Несмотря на облегчение, которое мне принесла медитация, время от времени звуки вызывали страх, и я продолжал метаться между пребыванием в спокойствии, неуправляемой обезьяной в своем уме и наблюдением за звуком. «Прямо здесь, – думал я, – прямо сейчас возникает страдание. Между звуком и проекцией, между явлениями – такими, какие они есть, и такими, какими мы хотим их видеть. Вот чему учил Будда: ошибочно воспринимать реальность – значит страдать».
Но почему так сложно воспринимать ее правильно? В этом поезде я переживал страх более остро, чем когда-либо. И я чувствовал, как мое тело сжимается и не хочет быть там, где оно находилось. Я знаю, что страх отпустить знакомые идентичности – свое эго – это страх свободы. И я пытаюсь…

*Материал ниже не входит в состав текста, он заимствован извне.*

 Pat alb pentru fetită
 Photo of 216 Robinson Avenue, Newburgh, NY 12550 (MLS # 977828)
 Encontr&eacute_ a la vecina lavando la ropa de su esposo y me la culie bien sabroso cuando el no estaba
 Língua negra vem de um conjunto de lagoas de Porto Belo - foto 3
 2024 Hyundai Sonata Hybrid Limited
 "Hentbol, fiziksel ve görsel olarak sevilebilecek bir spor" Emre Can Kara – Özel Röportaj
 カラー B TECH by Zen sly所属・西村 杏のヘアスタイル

Мой отец часто говорил мне: «Если ты не постигнешь истину о непостоянстве, то не сможешь достичь подлинной реализации. Ты должен позволить умереть иллюзии эго. Только тогда возникнет мудрость. Только со смертью эго мы познаем свободу». В конце концов, именно поэтому я и оказался в путешествии. Но я не ожидал такой новизны во всем и сразу.

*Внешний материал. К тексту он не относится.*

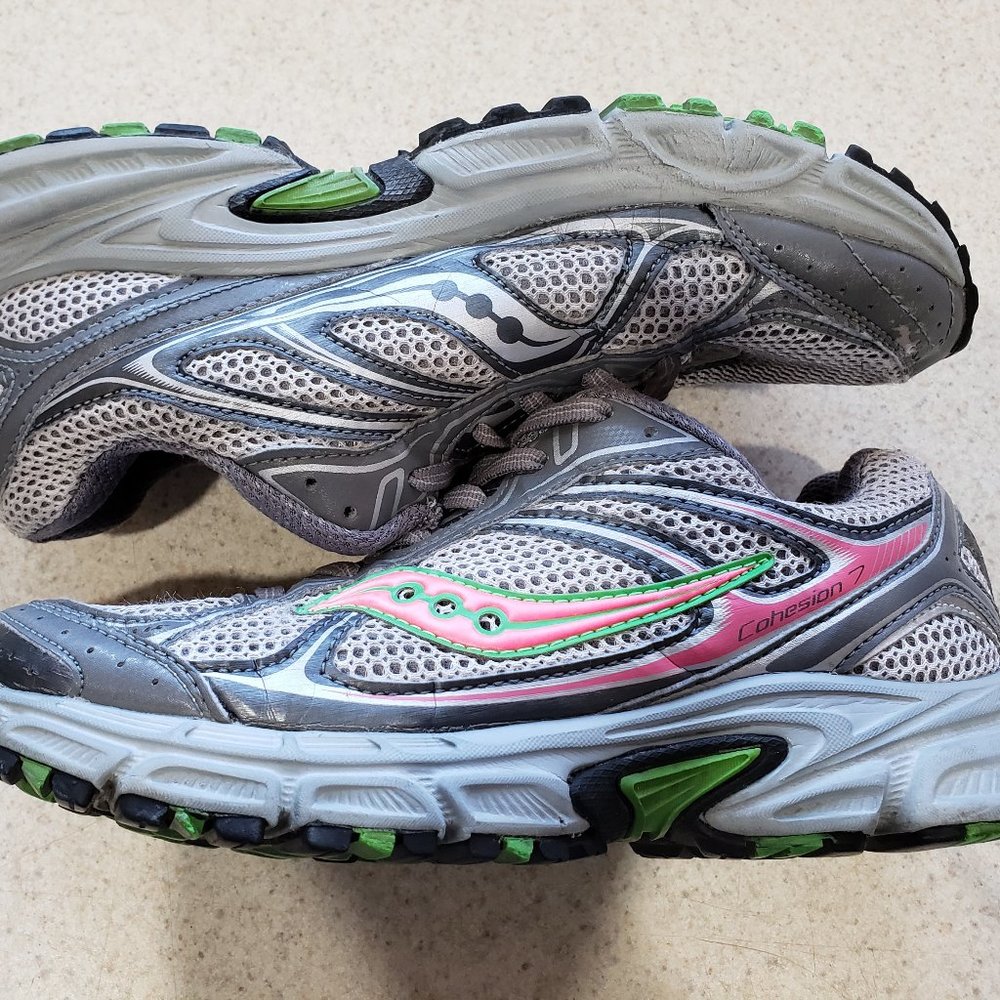 Saucony Cohesion 7 Running Shoes Womens sz 7.5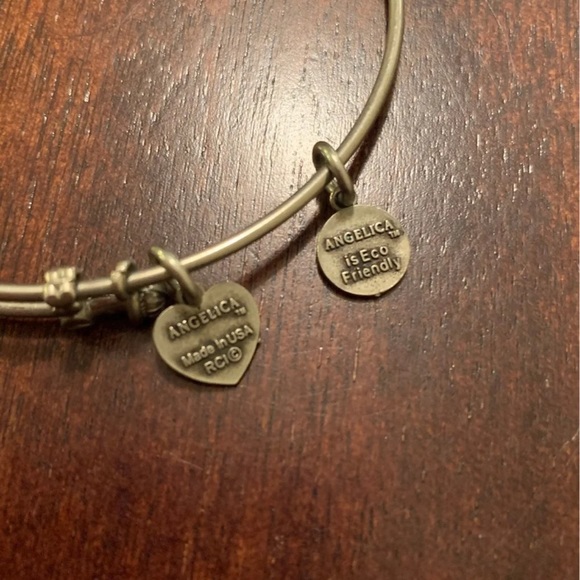 Live Laugh Love Bracelet - Picture 4 of 5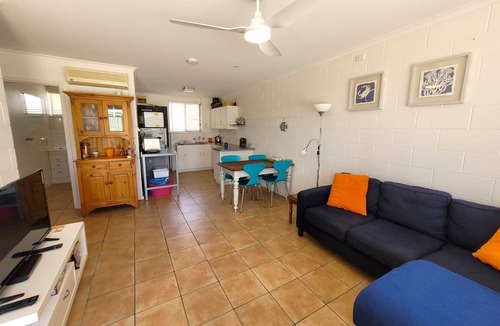 Port Vincent Hotel | 1/7 Cameron St, PT VINCENT (behind Gerimias) SLEEPS 5 ; 2 bedrooms - QN, Trio bunk BEDDING: Quilts and pillows provided (BYO all linen). Optional linen purchase @ $25 per person (1 week notice reqd) PROPERTY DETAILS: RC spli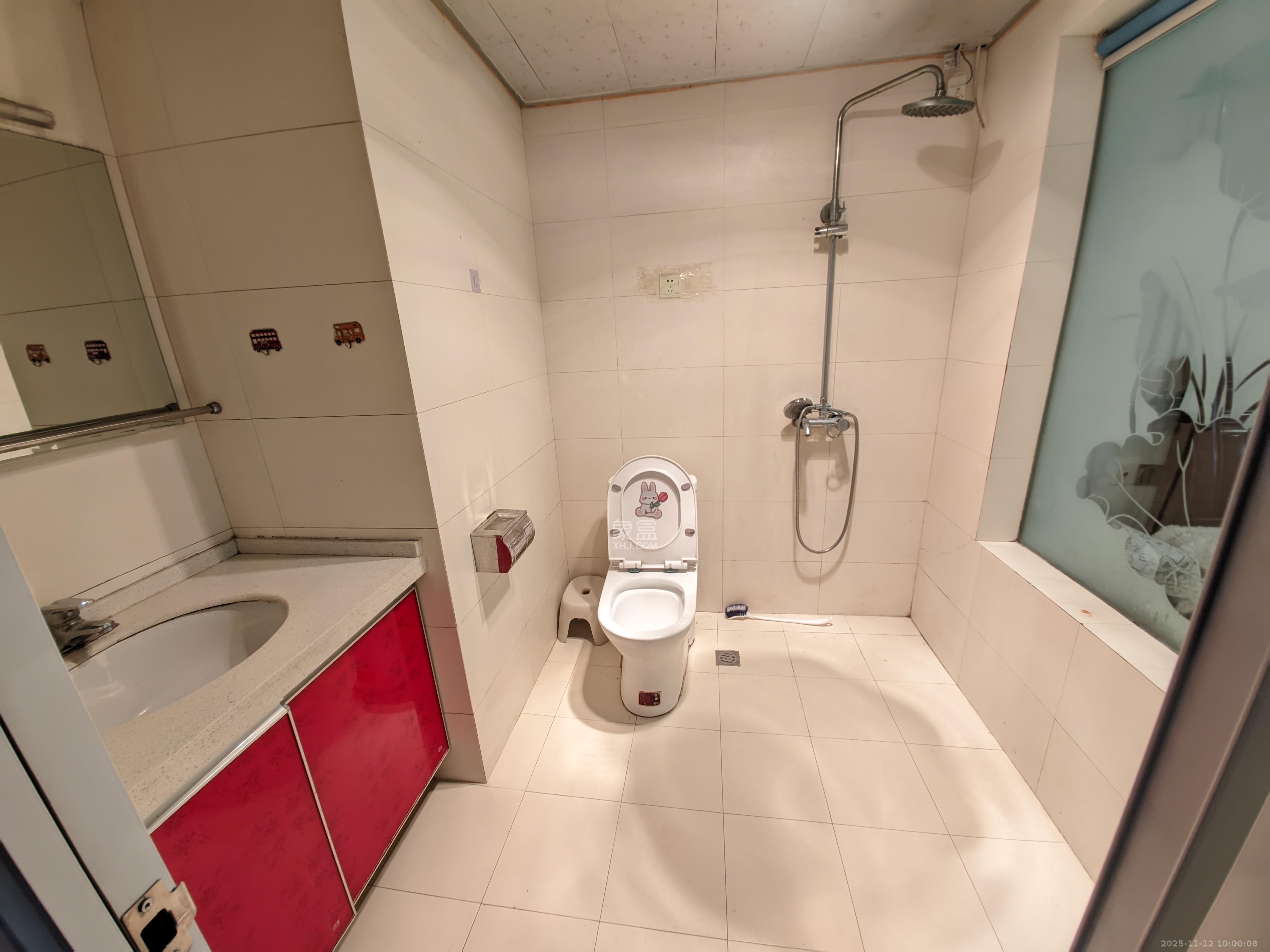 锦湘国际星城三期(锦绣苑) 1室1厅1卫 1500.0元/月 锦湘国际星城三期(锦绣苑) 1室1厅1卫 1500.0元/月室内图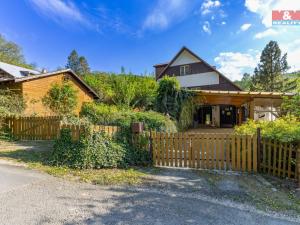 Prodej rodinného domu, Město Albrechtice - Burkvíz, 152 m2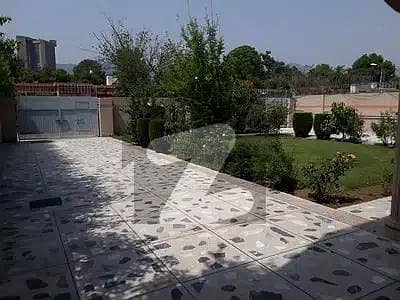 Capital Girls Hostel G-6 Near Melody & Polyclinic Hospital Blue Area Islamabad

Термин «эго» часто используется для описания выдуманного внешнего слоя «я», сосредоточенного на себе. Мы часто говорим о необходимости отпустить эго, растворить его или выйти за его пределы. Я сам думал о своем намерении подбросить дров в огонь как о миссии по уничтожению эго. Однако общепринятое употребление этого слова в буддийских учениях и не только заставляет нас воспринимать эго как некую сущность, у которой есть форма и размер и которую можно удалить, как зуб. Но это не так. Эго – это не объект, а, скорее, процесс, который разворачивается из-за нашей склонности к цеплянию и попыткам ухватиться за отождествления и застывшие идеи. Под этим термином подразумевается постоянно меняющееся восприятие, и хотя эго играет главную роль в сюжете нашей истории, это не вещь. Поэтому оно не может умереть, его нельзя убить или каким-то образом выйти за его пределы. Эта склонность к цеплянию возникает, когда мы ошибочно принимаем непрерывный поток нашего тела и ума за основательное, неизменное «я». Не нужно стараться избавиться от эго, этого нездорового чувства, хотя бы потому, что его вообще не существует. Нет никакого эго, которое необходимо было бы убить. То, что умирает, – это вера в вечное, неизменное «я». В некоторых случаях термин «эго» может быть полезен, но главное – не начать бороться с тем, чего не существует. Ирония в том, что, вступая в бой с эго, мы лишь укрепляем иллюзию «я», и наши усилия становятся непродуктивными.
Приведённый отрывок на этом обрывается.